|
Camicie
nere!
Sono
venuto nella vostra città per diversi
motivi: prima di tutto volevo ripassare per
quei luoghi dove ho trascorso qualche tempo
della mia giovinezza; in secondo luogo volevo
dare un attestato di simpatia al Fascismo
della vostra città e della vostra
provincia. Fascismo quadrato, solido, fedele.

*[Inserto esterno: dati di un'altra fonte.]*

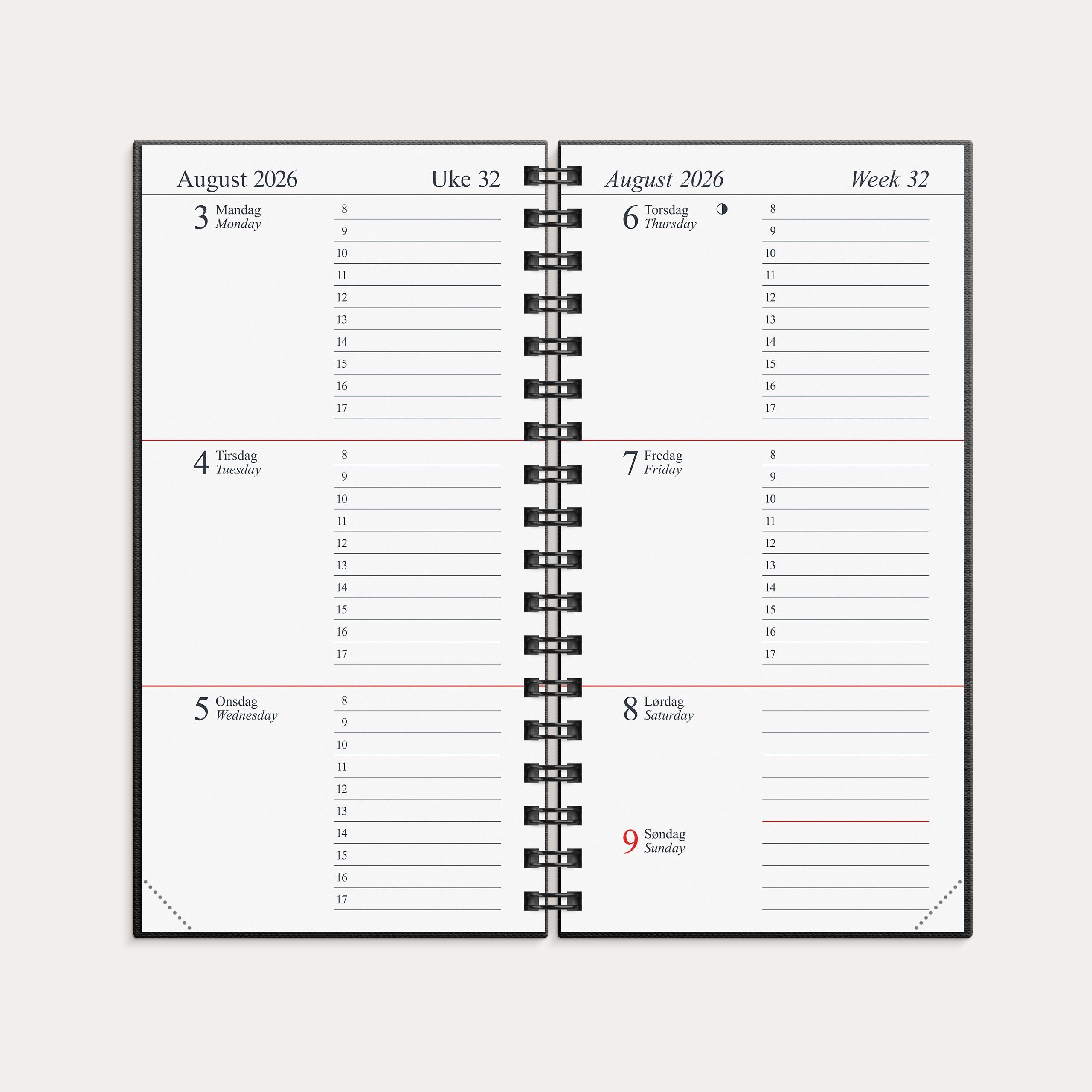 Kalender Memo 2026 sort kartong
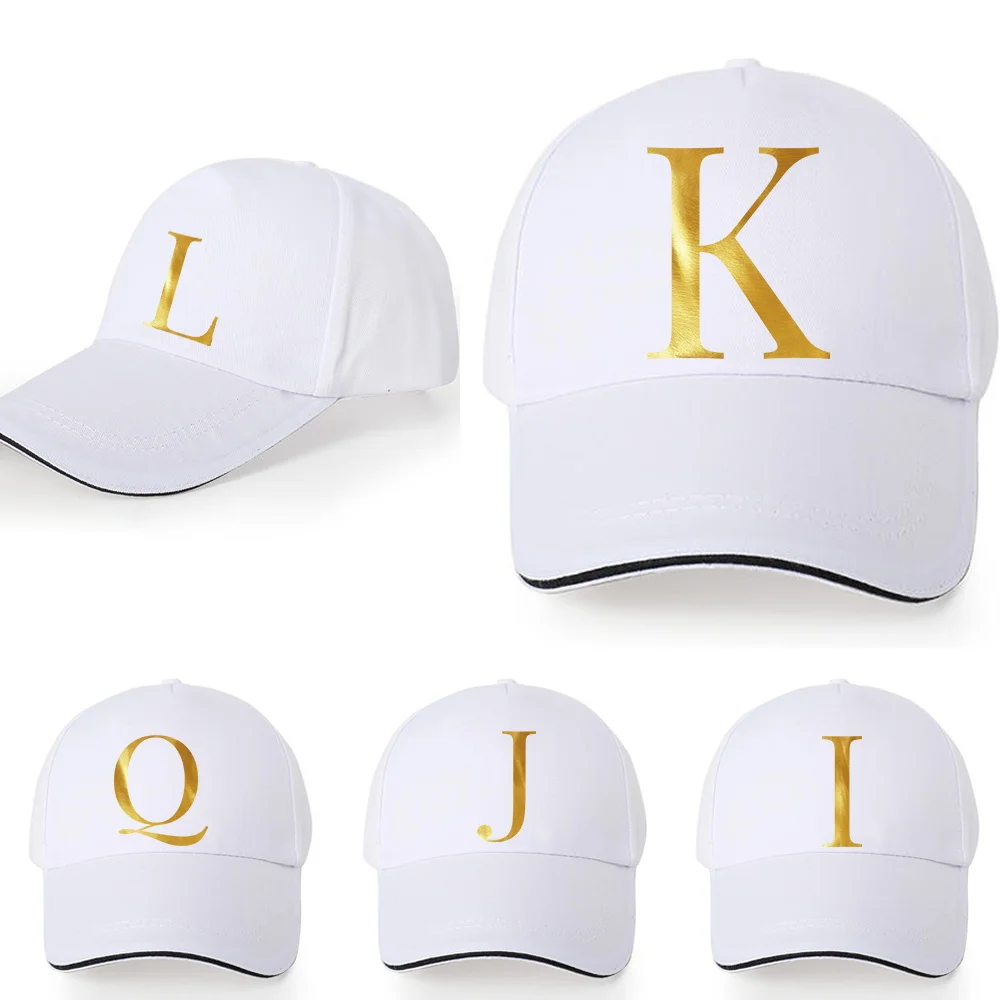 

Gold Letter Series Baseball Cap White Wild Hip-hop Hat Hipster Must-have Peaked Cotton Cap Dad Men Casual Summer Outdoor Sun Hat
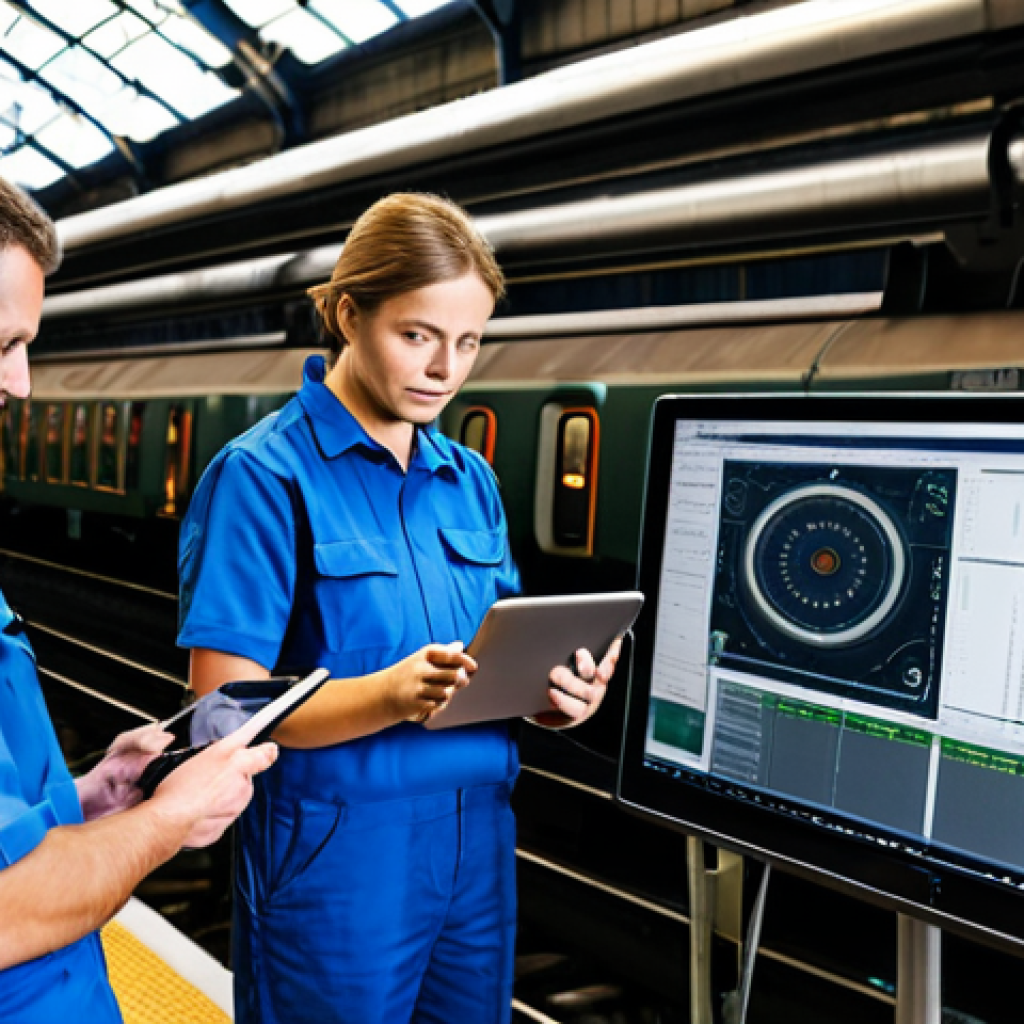 철도차량 관리 시스템 트렌드 - Predictive Maintenance**
"A team of engineers in a modern train maintenance depot, analyzing data o...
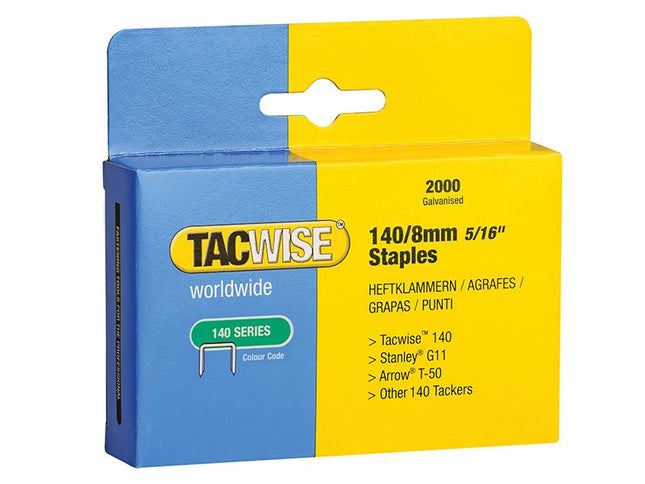 Tacwise 140 Heavy-Duty Staples 8Mm (Type T50  G) Pack 2000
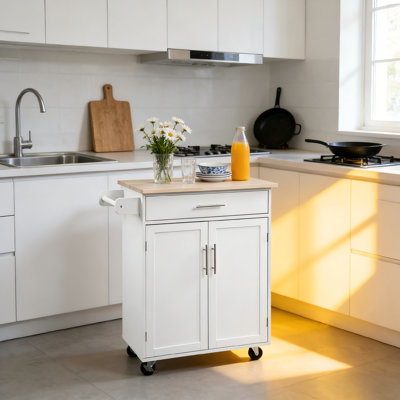 Chariot pour îlot de cuisine avec tiroir et armoire de rangement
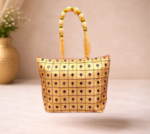 Handbag with Golden beads and Mirror Embroidery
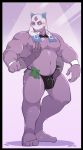  4_fingers 4_toes anthro anthrofied blue_eyes blush bulge clothing fan_character front_view froslass grope male money muscular muscular_male navel necktie nintendo pecs pok&eacute;mon pok&eacute;mon_(species) seintaur simple_background solo_focus standing stripper thong toes video_games 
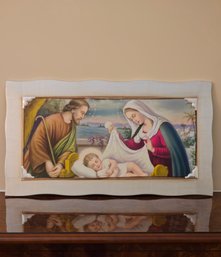 17.5 X 31.5 Italian Holy Family Wall Plaque In Laminato Ag Silver Corner Frames  #75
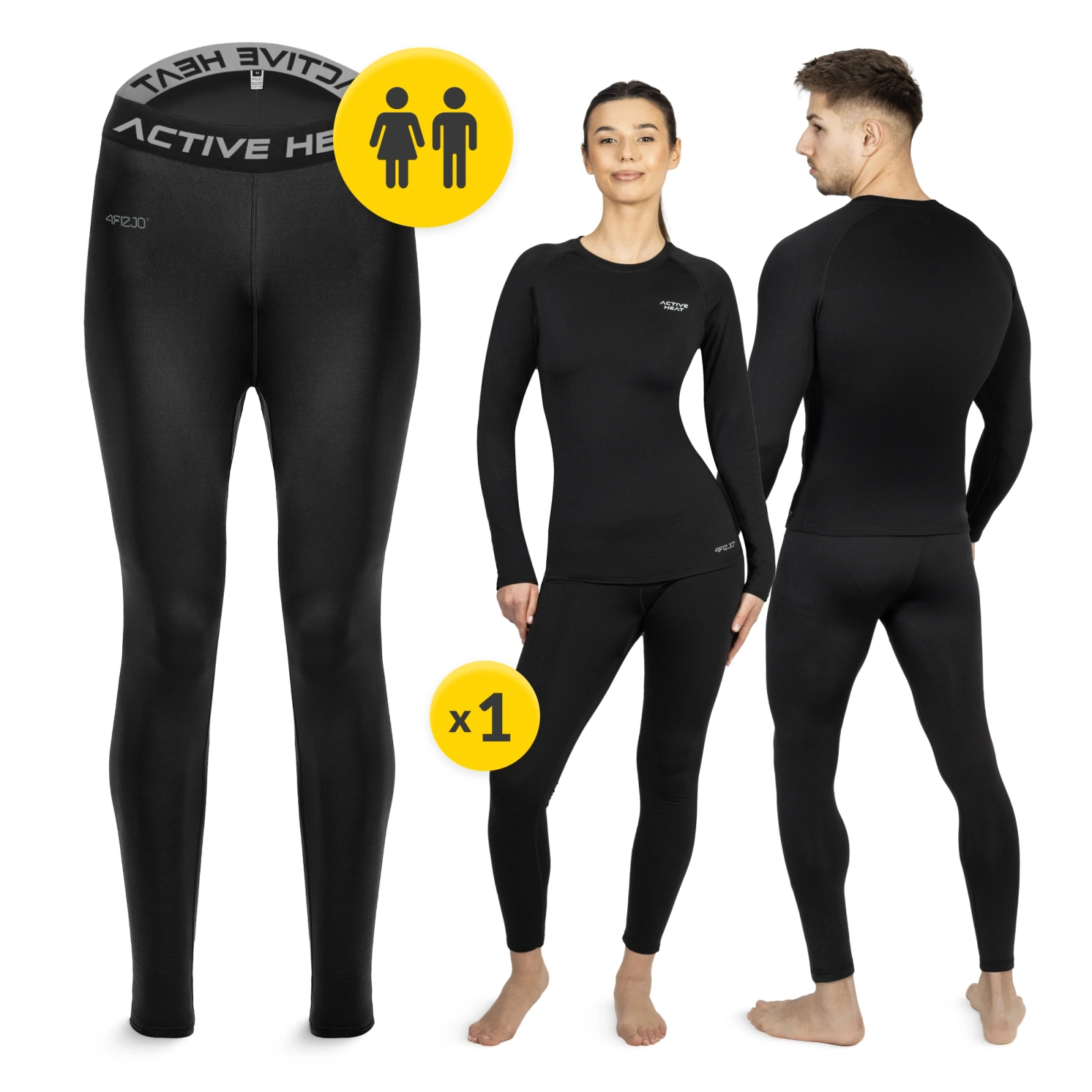 4Fizjo Unisex termoveļa - bikses, melnas, M izmērs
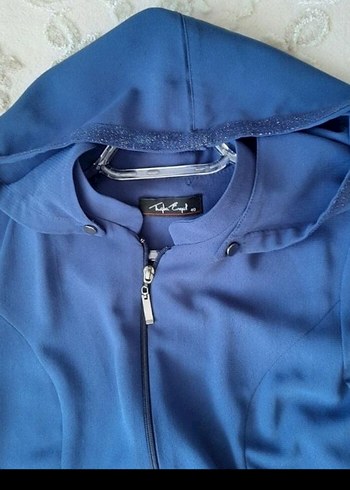 Uzun Lacivert Nakışlı Kadın Elbise - Görsel 3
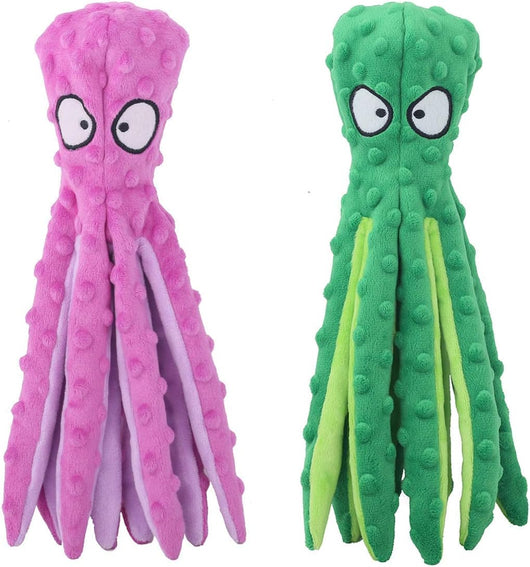 Juguete Pulpo Chirriante sin Relleno para Perros - Juguete Crujiente Interactivo para Cachorros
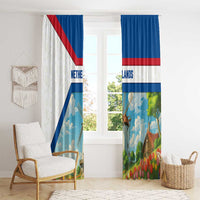 Netherlands Window Curtain Dutch Windmill and Tulip Field Landscape in National Flag Colors - Wonder Print Shop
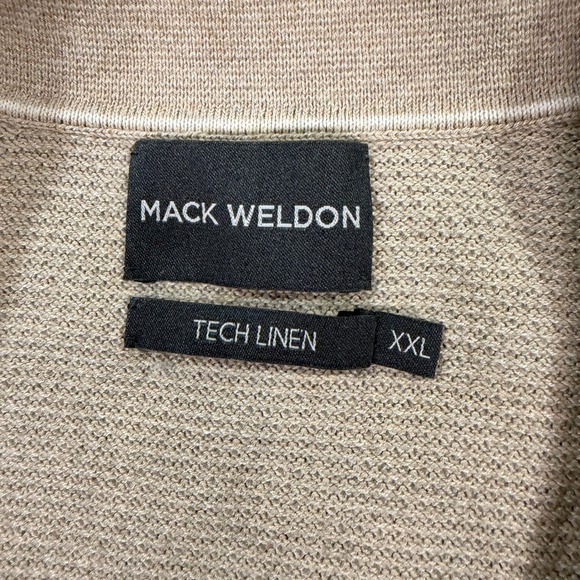 Mack Weldon Mens XXL Tech Linen Polo Cardigan Tan Beige Button Front Knit Shirt - Picture 3 of 7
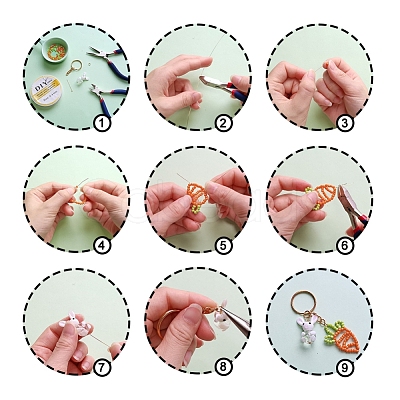 Handmade Bunny Lampwork Beads LAMP-P051-J01-1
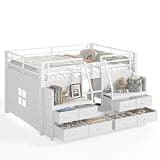 Bellemave Full Size Loft Bed with 8 Non-Woven Fabric Storage Drawers and Bookshelf, Low Loft Bed with Lights and Private Play Curtain, Full Loft Beds with High Rails, Noise Reduced White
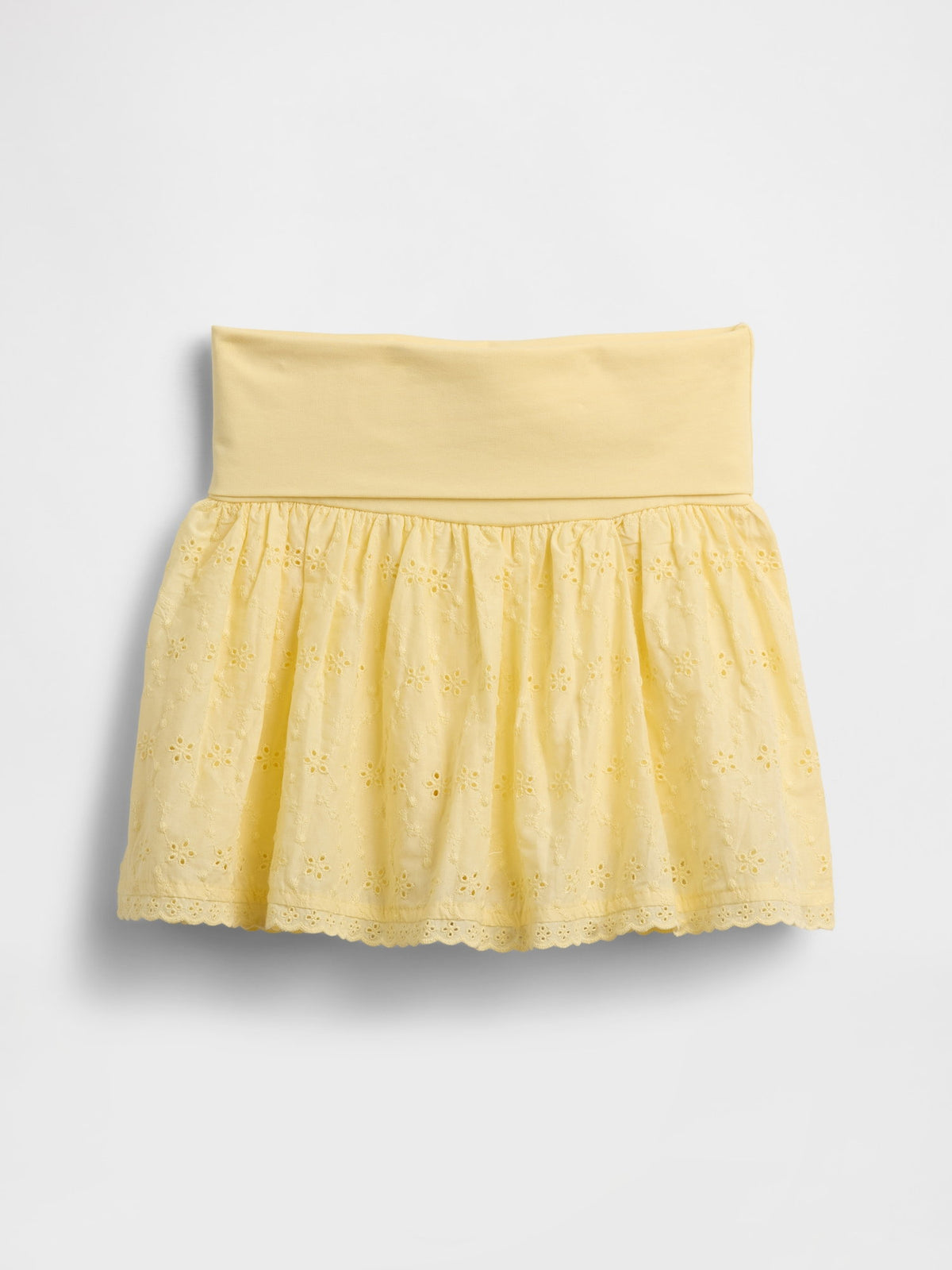 Sarı Eyelet Katlanabilir Bel Detaylı Şort Etek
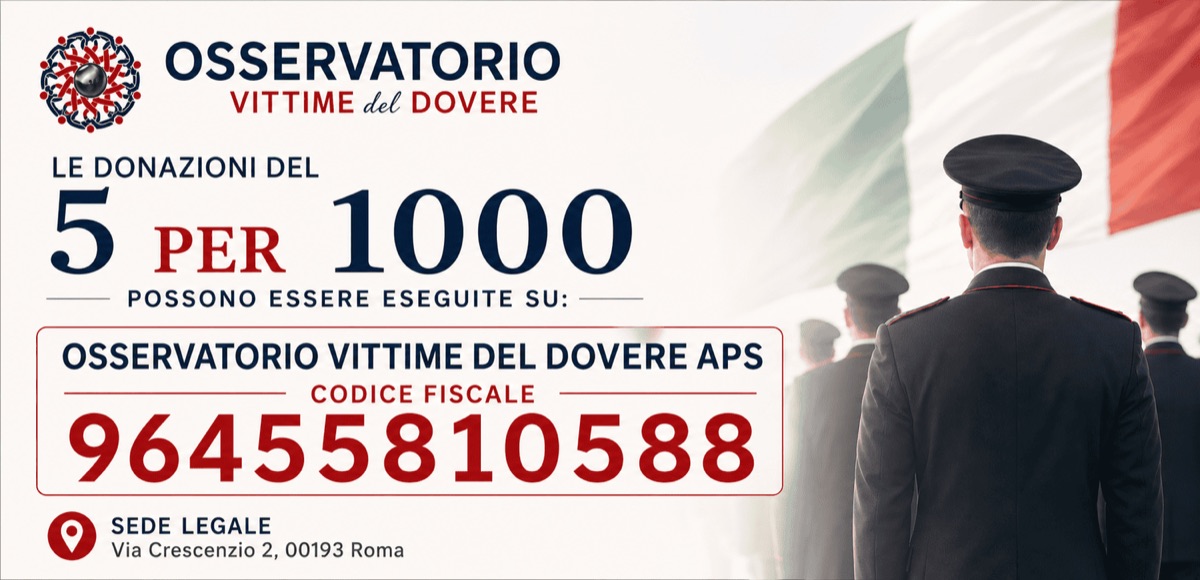 5 per 1000 all'Osservatorio Vittime del Dovere APS – Codice fiscale 96455810588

Infine mi piaceva di cominciare il quinto anno
del Regime fascista con l'inaugurazione di
opere che onorano il Regime.
Il
Regime fascista non si raccomanda alla storia
attraverso ordini del giorno più o meno
elaborati e discorsi più o meno
eloquenti. Il Regime fascista passa e passerà
alla storia attraverso alle sue opere
concrete, attraverso alle cose che avrà
creato, attraverso alle trasformazioni
effettive, fisiche, profonde del volto della
Patria.
Abbiamo
stamane inaugurato una ferrovia che fu voluta
da me e che i vostri costruttori hanno
compiuta, così come si deve fare in
Regime fascista, nel termine rigorosamente
prescritto. Poi ho veduto le terre redente
dalla palude: anche questa è un'opera
di un'immensa portata e mi è piaciuto
di trovare in quelle terre uomini della
vecchia nobiltà, che sanno però
rinverdire il blasone avito attraverso alle
pratiche ed attive fatiche dei campi. Così
va fatto, o camerati, perché non è più
permesso a nessuno di vivere su quello che fu
fatto da altri prima di noi.
Bisogna
che noi creiamo; noi di questa epoca e di
questa generazione, perché a noi spetta il
rendere, vi dico, in dieci anni
irriconoscibile fisicamente e spiritualmente
il volto della Patria. Fra dieci anni, o
camerati, l'Italia sarà
irriconoscibile! Noi l'avremo trasformata, ne
avremo fatta un'altra, dalle montagne che
avremo ricoperte della loro necessaria chioma
verde, ai campi che avremo completamente
bonificati, alle ferrovie che avremo
aumentate, ai porti che avremo attrezzati,
perché l'Italia deve ritrovare la sua anima
marinara.
Queste
sono le trasformazioni politiche e morali.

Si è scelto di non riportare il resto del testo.